### [TO DO]
Each line below should be repeated exactly as written, with no pictures carried over.

### [MATERIAL PROVIDED]
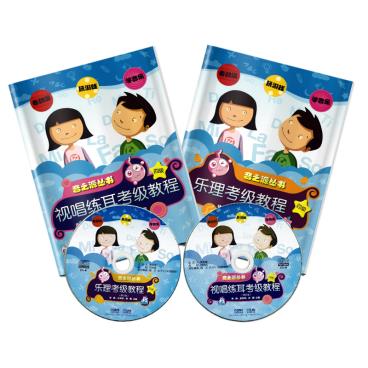 乐理.视唱练耳考级教程 四级(附CDROM2张)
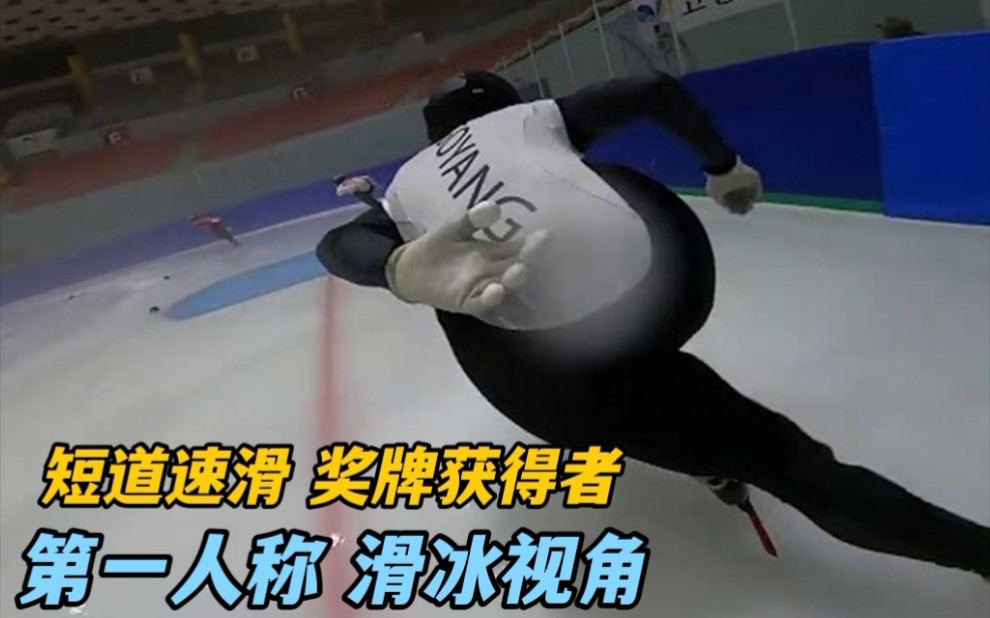 【短道速滑】世界级选手 滑冰第一视角哔哩哔哩bilibili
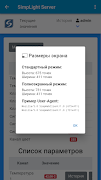 SIMP Mobile Client 截图 4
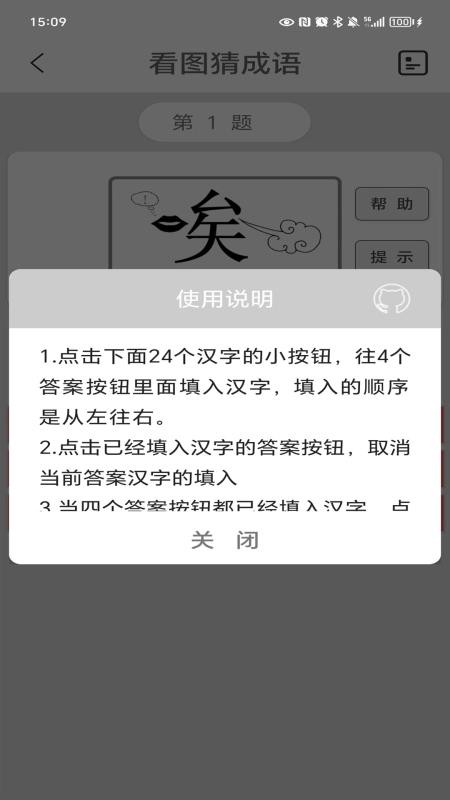 看图猜成语最新版v6.1截图2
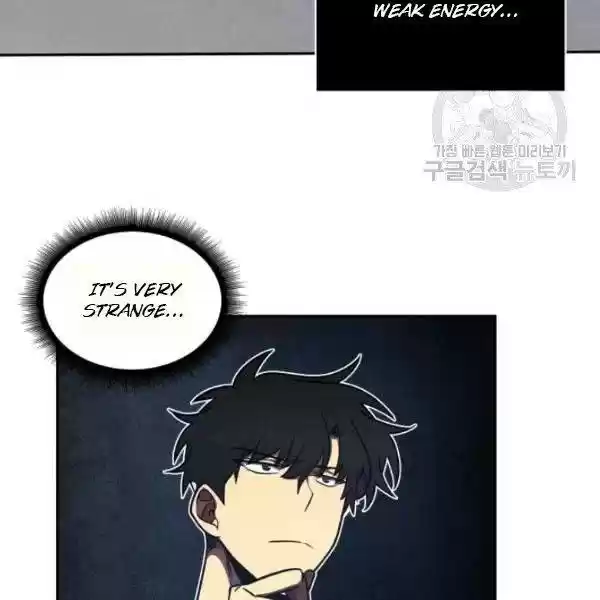 Tomb Raider King Chapter 191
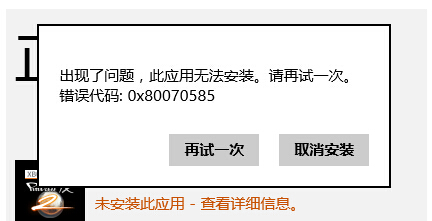 Windows 8應用商店中安裝軟件出現報錯:0x80070585 三聯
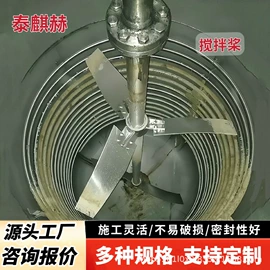 储罐;废气处理设备;电解槽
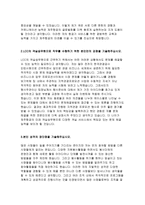 제주항공자소서 제주항공자기소개서 제주항공 객실승무원자소서 제주항공 자기소개서 제주항공 인턴 승무원 자소서 제주항공자기소개서 예문 제주항공-3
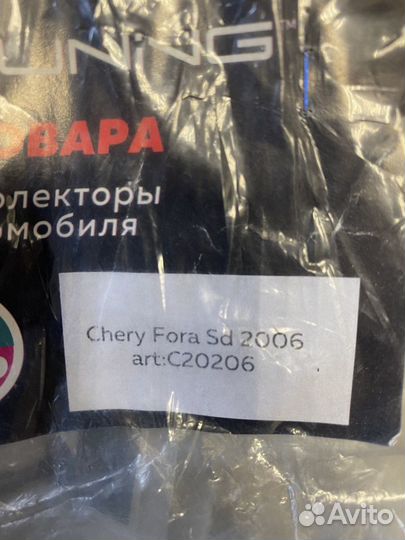Ветровики Chery Fora седан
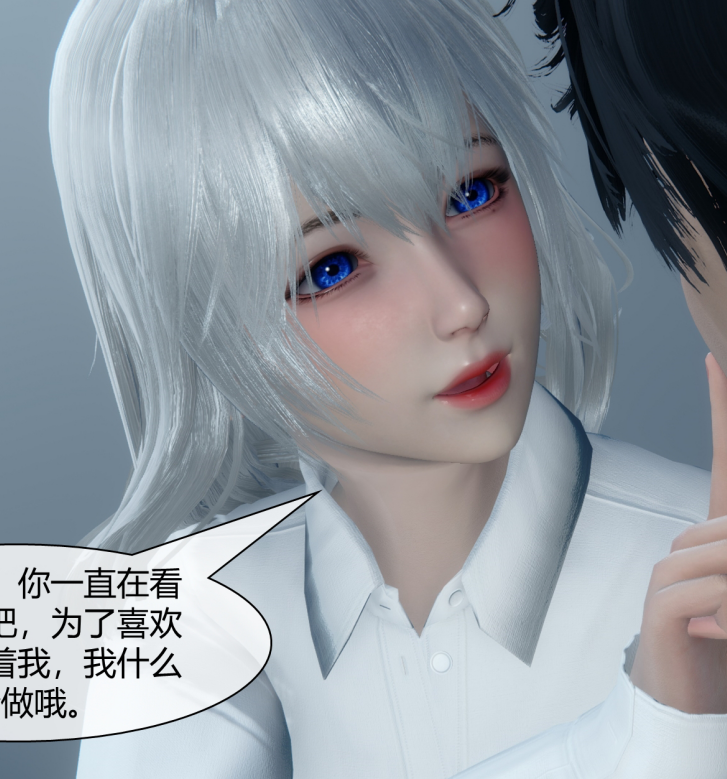 [3D全彩]催眠丝袜美脚大小姐03-05[347P/445M]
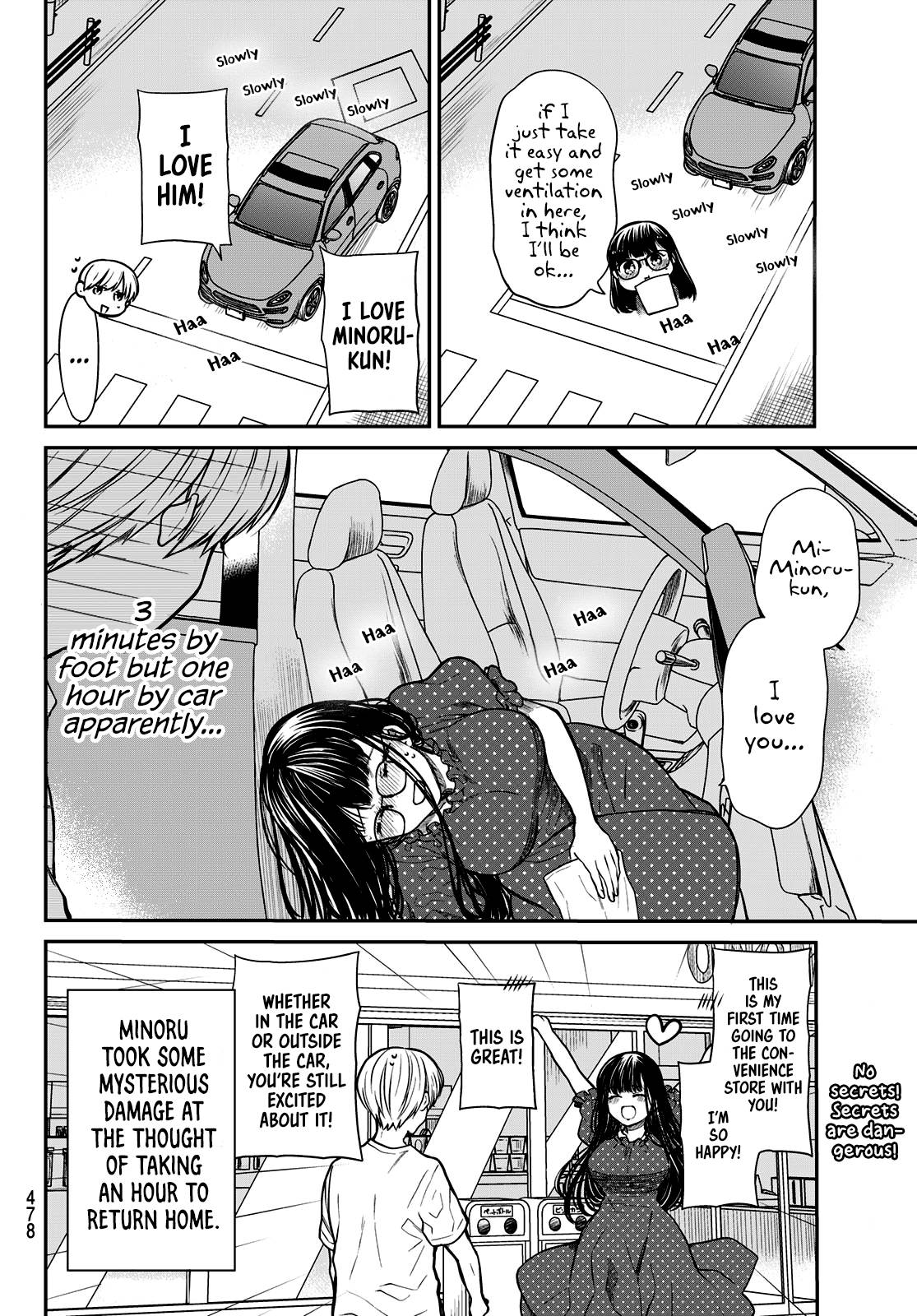 Page 5 of Chapter 242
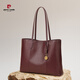 皮爾卡丹（pierre cardin）包包真皮托特包大容量女士手提包頭層牛皮手拎包時(shí)尚百搭通勤女包 酒紅色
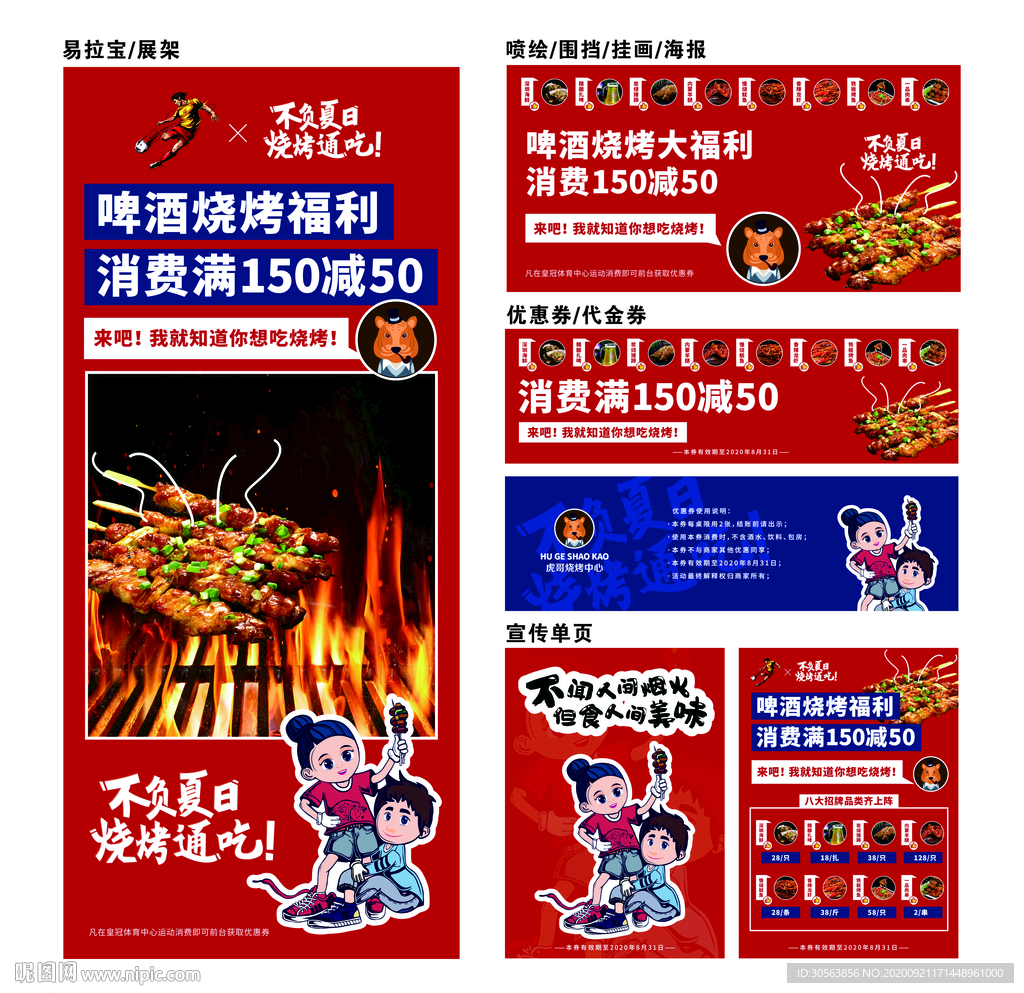 烧烤店 展架 喷绘 单页 优惠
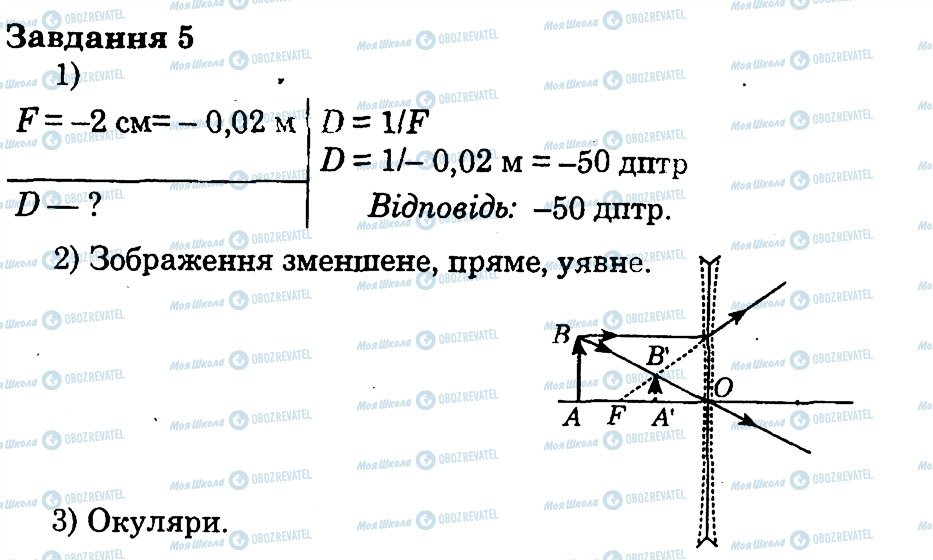 ГДЗ Фізика 7 клас сторінка 5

### [SOLUTION FOR THIS EXERCISE]
 乐理.视唱练耳考级教程 四级(附CDROM2张)
 【短道速滑】世界级选手 滑冰第一视角哔哩哔哩bilibili
 SIMP Mobile Client 截图 4
 看图猜成语最新版v6.1截图2
 Tomb Raider King Chapter 191
 Windows 8應用商店中安裝軟件出現報錯:0x80070585 三聯
 储罐;废气处理设备;电解槽
 제주항공자소서 제주항공자기소개서 제주항공 객실승무원자소서 제주항공 자기소개서 제주항공 인턴 승무원 자소서 제주항공자기소개서 예문 제주항공-3
Ветровики Chery Fora седан
 [3D全彩]催眠丝袜美脚大小姐03-05[347P/445M]
 Page 5 of Chapter 242
 皮爾卡丹（pierre cardin）包包真皮托特包大容量女士手提包頭層牛皮手拎包時(shí)尚百搭通勤女包 酒紅色
 烧烤店 展架 喷绘 单页 优惠
 ГДЗ Фізика 7 клас сторінка 5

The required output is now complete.